Lee’s defiance can help us recognize that, for bad and for good, the faulty world we have is home. This faulty world is our scholarly home as well as our personal one. The first verse of “Is That All There Is” is about a fire burning down the singer’s childhood home: “I stood there shivering in my pajamas and watched the whole world go up in flames / And when it was all over I said to myself, is that all there is to a fire.” The way Lee sings the words, they are not a question; they are a declaration that the devastation of a fire is not otherworldly. It is precisely this-worldly: With all its destruction and suffering, it is still material, observable, and [feel-able]. Good things, too, like the later verses’ circus with its “clowns and elephants and dancing bears / And a beautiful lady in pink tights flew high above our heads,” and love “with the most wonderful boy in the world” and “long walks by the river or just sit for hours gazing into each other’s eyes,” also belong to the material this. They have beginnings and ends, limits and borders, mistakes and redemptions. We can observe them, though never completely; we can explain them, though never fully.
If fires and the circus and true love and even death are not revelation, and the appropriate response is not despair or denial, what is it? I read Lee’s performance as a command to keep using the imperfect bodies that we have, the imperfect data that we have, the imperfect lives that we have and that all of our subjects have. We must keep observing and explaining as best we can, even with the awareness that perfect knowledge is no more attainable than perfect subjects. These observations do not amount to a call for nihilism or abandonment of projects to better the world. Recognition that the world will always be flawed should not remove the impetus to better it.
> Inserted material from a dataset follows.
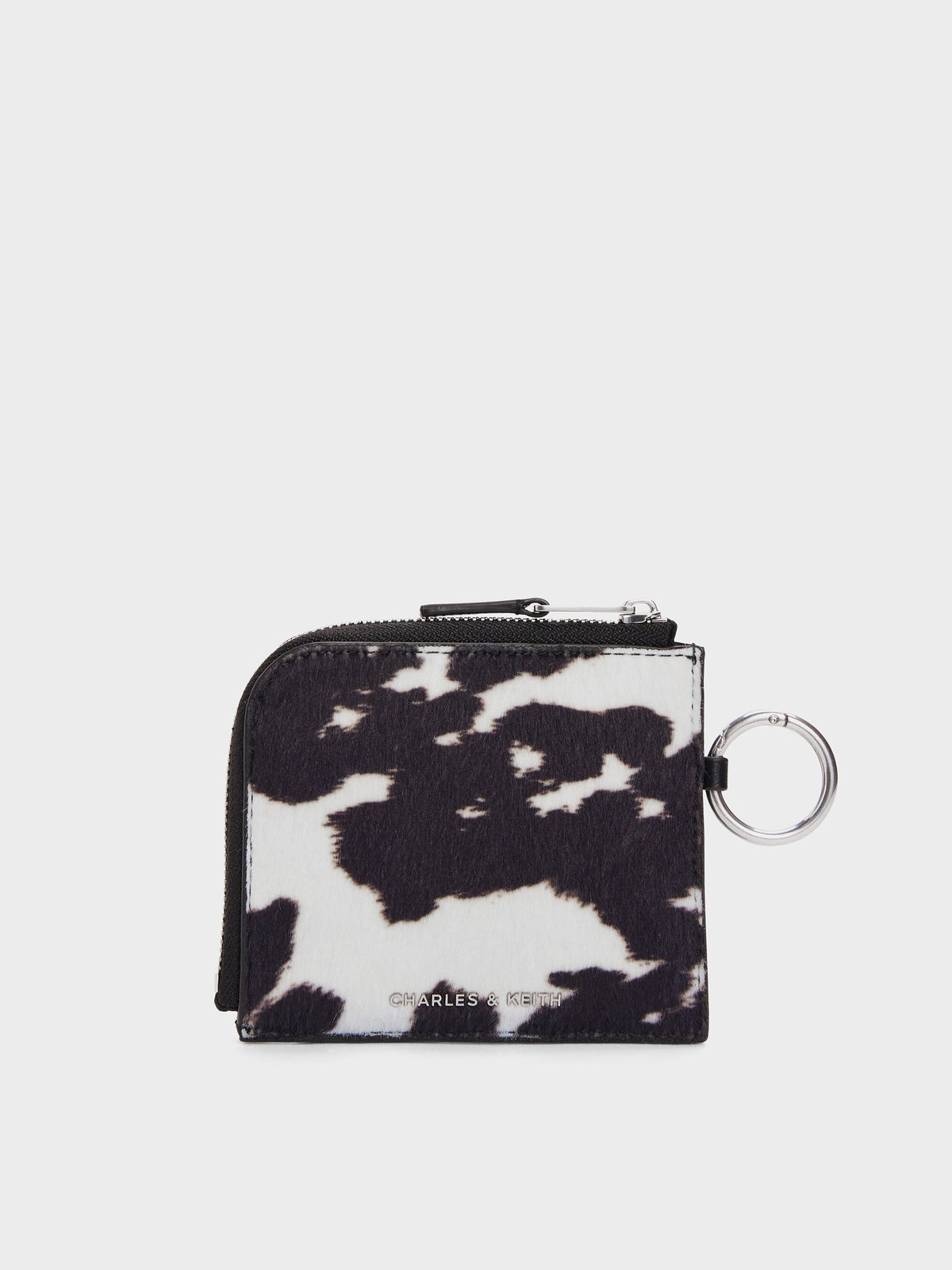 CHARLES & KEITH Signature / Vega Furry Cow-Print Zip-Around Pouch - Multi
Lee’s expression at the conclusion of her song is not the carefree smile of someone who will happily drink and dance her way through life. It is the defiance of someone who knows the temptation to think that there is something else, something revelatory, some technology that will save us, but refuses to give in to that temptation. It is the defiance of someone who has decided that her imperfect body is worth living in, worth drinking in, and worth dancing in.
That is the attitude we need as scholars: that the world is worth understanding without pretending that there is some other America without a racist past to which we might be compared, without imagining there is some other world unscarred by genocide. We cannot build garden cities that will grant “freedom,” “cooperation,” “pure air and water,” and “flow of capital” to their inhabitants; we will not have new technology that fully explains the meaning of religious ecstasy. This is all there is, my friends, so let’s keep dancing.
Beautifully said. I was reading just today, in Funkenstein’s “Collective Memory and Historical Consciousness,” about the connection between apocalypticism and historicism. What we’re beginning to face now is the frightening prospect that, quite soon, we will not even be able to tell “all there is” from “all that resembles all there is.”